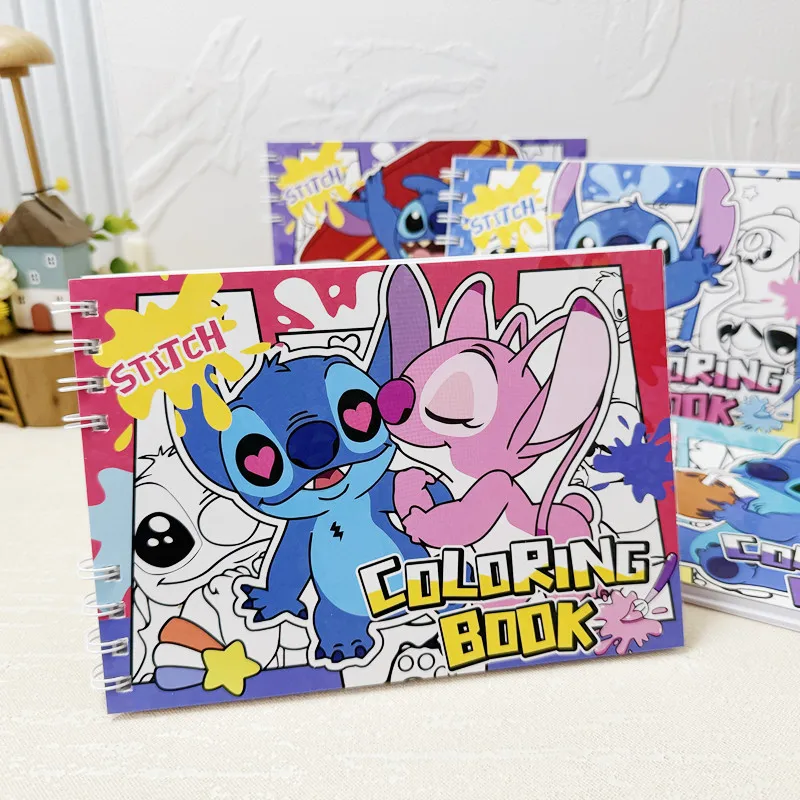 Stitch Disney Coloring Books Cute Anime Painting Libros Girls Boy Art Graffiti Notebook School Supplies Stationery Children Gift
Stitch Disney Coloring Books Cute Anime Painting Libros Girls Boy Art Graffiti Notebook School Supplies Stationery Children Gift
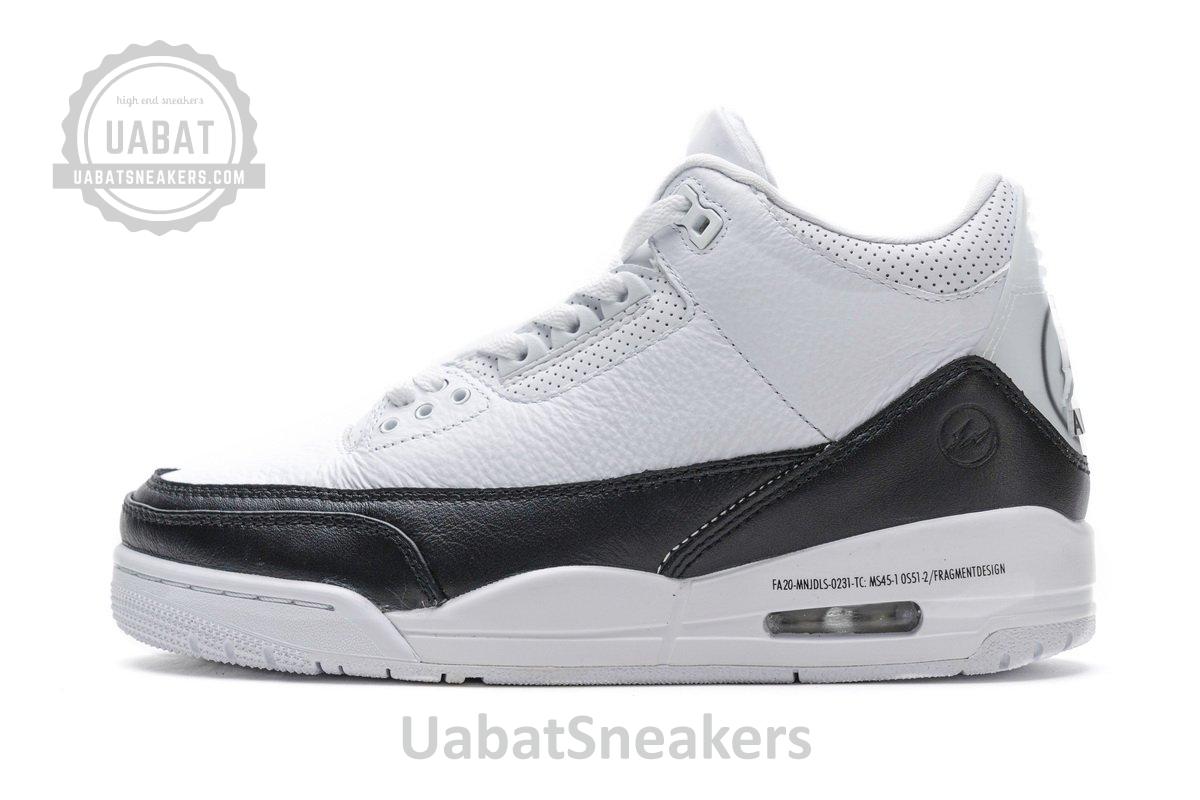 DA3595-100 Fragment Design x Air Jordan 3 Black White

--

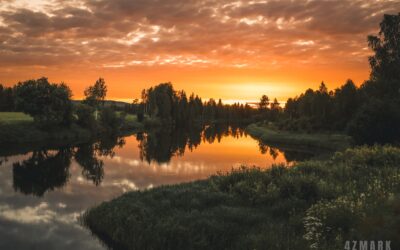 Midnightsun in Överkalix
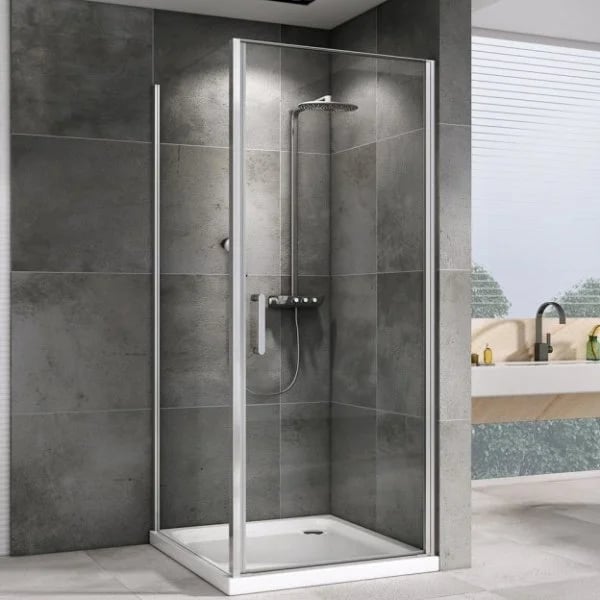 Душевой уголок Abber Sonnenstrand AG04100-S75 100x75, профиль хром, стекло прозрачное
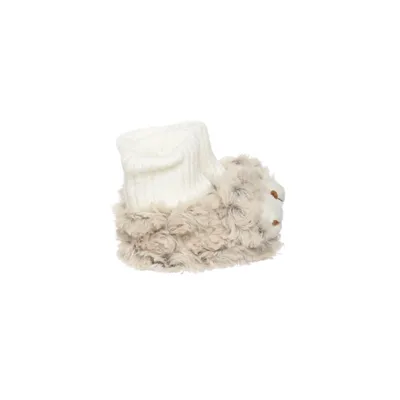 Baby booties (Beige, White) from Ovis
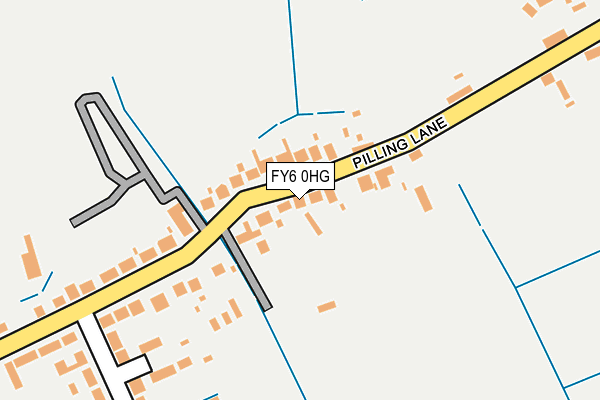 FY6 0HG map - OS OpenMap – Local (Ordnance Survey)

■ WHAT YOU WILL DO ■
Only the lines of the listing above from the one with "Baby booties (Beige, White) from Ovis" through the one with "FY6 0HG map" should be output, exactly, with both ends kept and pictures left out.

■ ANSWER FOR THE TASK ■
 Baby booties (Beige, White) from Ovis
 FY6 0HG map - OS OpenMap – Local (Ordnance Survey)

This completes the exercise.